Autor Uta Mühleis, 30.11.08

Mit dem Mausklick zur kritischen Masse: Neue Weltretter-Communitys im Internet gehen gegen Welthunger, Armut und Klimawandel vor. Die Netzwerke versammeln Menschen, die Gutes tun wollen – aber selbst bestimmen wollen, wo und wann dies geschieht.
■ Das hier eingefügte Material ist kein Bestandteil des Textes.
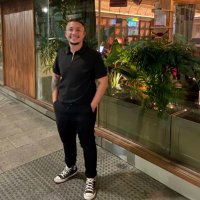 David (@dvizz23) 's Twitter Profile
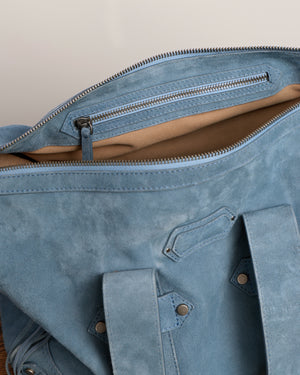 Boho Bag 903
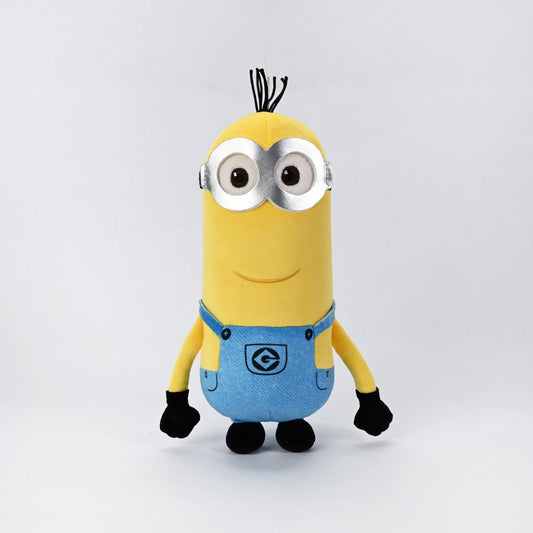 Đồ Chơi Gấu Bông Minions Kevin 29 Cm PLUSH TOY HWGX1003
Drei Mönche in orangefarbenen Gewändern segnen ein Motorboot, ein kleines kambodschanisches Mädchen hüpft barfuß durchs Bild: Das Online-Video auf der Internet-Community „reset.to“ zeigt den Stapellauf eines Lazarettbootes in Kambodscha, das medizinische Notversorgung zu den Bewohnern eines entlegenen Seegebiets bringen wird. Vor einem Grüppchen lokaler Helfer sagt Projektleiter Jon Morgan freudestrahlend: „Das hier ist nur ein kleiner Anfang einer sehr großen Idee.“ 

Das Boot hat 3190,57 Euro gekostet. Finanziert wurde es von Bodo, Susa, Claus und Hanfried aus Hamburg und von Michael, Uta, Manfred, Britt und Sandra aus Berlin. Mit ihren Profilfotos auf Reset.to bekennen sie sich als „Förderer“ der sogenannten „Lake-Clinic“ – und als Pioniere einer neuen Form sozialen Netzwerkens.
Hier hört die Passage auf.